Thursday, April 25, 2024
The Observer

Architect lectures on values in U.S. design

A rekindling of American values in American architectural design is needed, an architect for the government's public buildings said in a lecture at Bond Hall on Monday.

Architect Robert Peck, commissioner for the Public Buildings Service at the General Service Administration (GSA) and recipient of the Notre Dame School of Architecture's Henry Hope Reed Award in March 2011, focused on the exceptional aspects of architecture found in the U.S.

"At the end of the day, I have to ask myself, what is unique about public buildings in America?" Peck said.

Peck drew on his personal history to explain the connection between American values and the country's public buildings.

"My father was the son of immigrants," Peck said. "He was poor as they came. In fact, he and his siblings used to take turns on who got to sleep in a bed and who had to push together a couple of chairs to make-shift a bed."

Peck said his father found refuge in the New York's public buildings.

"But my father could walk into the New York Public Library and sit in its astonishing Reading Room, a room that is widely regarded as one of architecture's greatest successes, without hesitation," Peck said. "You don't have to be a monarch in America to be in a room worthy of a monarch. In America those spaces belong to you. That day, my father became an American."

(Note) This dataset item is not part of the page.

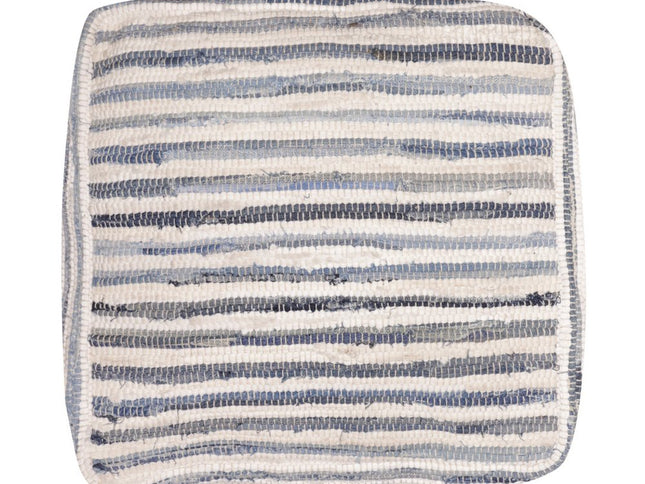 18" Blue Cotton Cube Striped Pouf Ottoman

The idea of a national connection to public buildings drives his work, Peck said.

"I believe in the power public architecture and space have to dictate a cultural attitude," Peck said. "Every design should be done with a purpose. You can see that in Washington [D.C.], where the Capitol and the White House sit at opposite ends of the (National) Mall, connecting the two most powerful branches of government."

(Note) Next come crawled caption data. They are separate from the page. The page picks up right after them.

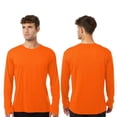 thumbnail image 2 of Crown Craze® High Visibility Work Shirts for Men, Hi Vis Long Sleeve Safety Tee (Safety Green 6 Pack, M), 2 of 7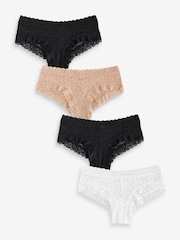 Victoria's Secret Black/Nude/White Cheeky 4 Pack Knickers - Image 1 of 6
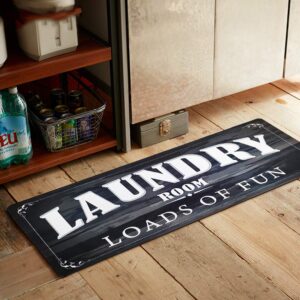 ustide 20x60 black laundry room rug, non-skid anti fatigue laundry room mats loads of fun home decor black white kitchen carpet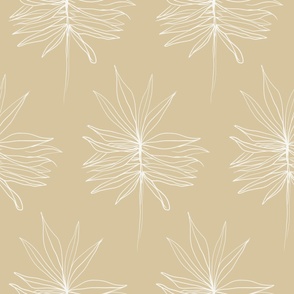 tropical lounge scribbled palm beige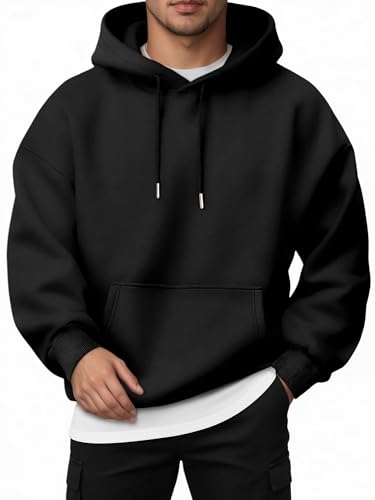 Jhsnjnr Hoodie Herren Einfarbig Basic Sweatshirt mit Kapuze Kordelzug Hoody Freizeit Pullover Langarm Lounge Kapuzenpullover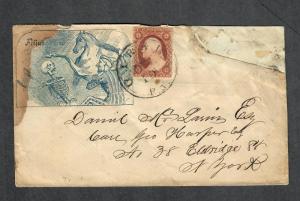 US Sc#25 Girard PA Rare Cachet-Horse+Skeleton-Repairs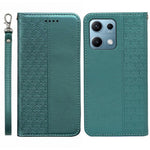 For Xiaomi Redmi Note 14S 4G Wallet Phone Case Checkered Pattern Imprint Leather Flip Cover with Wrist Strap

Courthouses, part of the judicial branch of government, are typically constructed with intricate details and grandeur to emphasize the majesty of the law, Peck said.

Peck said the latest trend in architecture, following the nation-wide green movement, strives for more environmentally conscious designs.

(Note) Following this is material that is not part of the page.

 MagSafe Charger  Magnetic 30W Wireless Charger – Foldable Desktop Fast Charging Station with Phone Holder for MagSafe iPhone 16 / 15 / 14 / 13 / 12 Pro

"There is a new interest in sustainable architecture," Peck said.

These "green" efforts range from finding ways to more efficiently use unused office-space to efficiently using a building's natural environment, like the Tom Maine Building in San Francisco. Peck said the building has no air conditioning, but was constructed with a particular ventilation design that would allow it to stay cool the majority of the year.

Peck said the pyramids, great churches of the Middle Ages and the Parthenon were evidence that the messages and values of society were intrinsically connected to the buildings that were constructed.

"Something that big, that monolithic, clearly says something about the civilization's values," Peck said.

At the nation's beginning, Peck said there was "an explicit dialogue" about the style of architecture that would best reflect the values of the American people.

The founding fathers of the United States chose a style that "spoke to the country's reverence of classical learning," Peck said, a decision evident in the early architecture of the nation's capital.

"The government should not have an official style; rather they should take the best American architects that reflect the values and attitude of society," Peck said.

When the Capitol and the White House were planned, Peck said the government held design competitions to choose the buildings' architects.

"Architecture has always been about more than buildings," Peck said. "Those buildings say something about its society and the people in it."